** DATA FOR THIS EXERCISE **
========================================================================
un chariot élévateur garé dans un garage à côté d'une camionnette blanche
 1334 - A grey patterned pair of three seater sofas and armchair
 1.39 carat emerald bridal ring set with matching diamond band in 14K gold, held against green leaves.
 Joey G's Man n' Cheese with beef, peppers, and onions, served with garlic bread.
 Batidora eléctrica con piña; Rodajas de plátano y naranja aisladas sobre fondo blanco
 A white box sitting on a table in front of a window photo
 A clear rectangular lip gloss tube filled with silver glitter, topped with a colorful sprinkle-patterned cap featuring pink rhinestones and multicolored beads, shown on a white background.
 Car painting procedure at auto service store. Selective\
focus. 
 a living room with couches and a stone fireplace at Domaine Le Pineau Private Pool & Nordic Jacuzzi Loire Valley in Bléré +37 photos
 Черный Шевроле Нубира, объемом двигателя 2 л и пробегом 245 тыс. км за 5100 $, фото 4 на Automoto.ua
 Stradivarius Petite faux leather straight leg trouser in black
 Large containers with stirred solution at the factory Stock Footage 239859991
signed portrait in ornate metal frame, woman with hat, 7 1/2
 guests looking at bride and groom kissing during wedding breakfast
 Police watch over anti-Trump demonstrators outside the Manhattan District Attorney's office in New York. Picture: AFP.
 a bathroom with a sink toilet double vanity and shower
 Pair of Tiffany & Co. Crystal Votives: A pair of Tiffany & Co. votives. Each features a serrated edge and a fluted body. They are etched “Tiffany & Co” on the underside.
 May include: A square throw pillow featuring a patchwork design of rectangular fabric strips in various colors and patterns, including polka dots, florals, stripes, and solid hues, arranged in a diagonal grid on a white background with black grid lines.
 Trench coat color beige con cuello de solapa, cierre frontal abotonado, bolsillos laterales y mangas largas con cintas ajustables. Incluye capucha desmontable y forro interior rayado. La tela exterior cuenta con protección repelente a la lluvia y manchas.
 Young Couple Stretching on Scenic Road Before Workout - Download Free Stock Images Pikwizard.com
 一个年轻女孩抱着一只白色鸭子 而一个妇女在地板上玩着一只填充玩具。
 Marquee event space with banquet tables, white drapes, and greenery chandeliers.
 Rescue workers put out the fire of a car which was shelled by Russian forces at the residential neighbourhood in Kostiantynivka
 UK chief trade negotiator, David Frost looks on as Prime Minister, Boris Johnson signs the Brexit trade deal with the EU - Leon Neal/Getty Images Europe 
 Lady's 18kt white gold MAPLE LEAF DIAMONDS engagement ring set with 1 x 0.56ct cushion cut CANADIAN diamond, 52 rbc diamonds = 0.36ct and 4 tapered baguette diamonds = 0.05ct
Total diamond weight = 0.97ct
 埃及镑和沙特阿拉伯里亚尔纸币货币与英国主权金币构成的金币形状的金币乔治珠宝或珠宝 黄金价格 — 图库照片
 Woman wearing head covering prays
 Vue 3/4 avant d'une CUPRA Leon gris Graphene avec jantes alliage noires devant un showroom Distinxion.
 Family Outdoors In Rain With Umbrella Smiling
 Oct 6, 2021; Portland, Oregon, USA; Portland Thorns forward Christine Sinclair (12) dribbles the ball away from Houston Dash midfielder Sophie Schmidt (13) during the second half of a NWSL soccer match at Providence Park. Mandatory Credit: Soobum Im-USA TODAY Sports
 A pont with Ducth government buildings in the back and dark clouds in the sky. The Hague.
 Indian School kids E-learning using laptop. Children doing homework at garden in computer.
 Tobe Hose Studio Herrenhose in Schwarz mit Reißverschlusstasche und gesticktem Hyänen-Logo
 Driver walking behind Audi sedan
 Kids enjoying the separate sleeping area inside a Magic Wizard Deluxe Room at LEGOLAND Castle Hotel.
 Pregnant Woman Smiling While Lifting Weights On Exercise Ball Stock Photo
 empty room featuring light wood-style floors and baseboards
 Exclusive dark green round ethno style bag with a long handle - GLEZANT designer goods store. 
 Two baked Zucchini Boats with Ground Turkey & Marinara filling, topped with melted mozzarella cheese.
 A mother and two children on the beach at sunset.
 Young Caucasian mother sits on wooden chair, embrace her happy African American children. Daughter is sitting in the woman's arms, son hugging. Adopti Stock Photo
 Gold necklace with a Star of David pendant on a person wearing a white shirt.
========================================================================
** REQUIREMENT **
Your answer should consist of the lines above that hold the word "Images".

** YOUR SOLUTION **
 Young Couple Stretching on Scenic Road Before Workout - Download Free Stock Images Pikwizard.com
 UK chief trade negotiator, David Frost looks on as Prime Minister, Boris Johnson signs the Brexit trade deal with the EU - Leon Neal/Getty Images Europe 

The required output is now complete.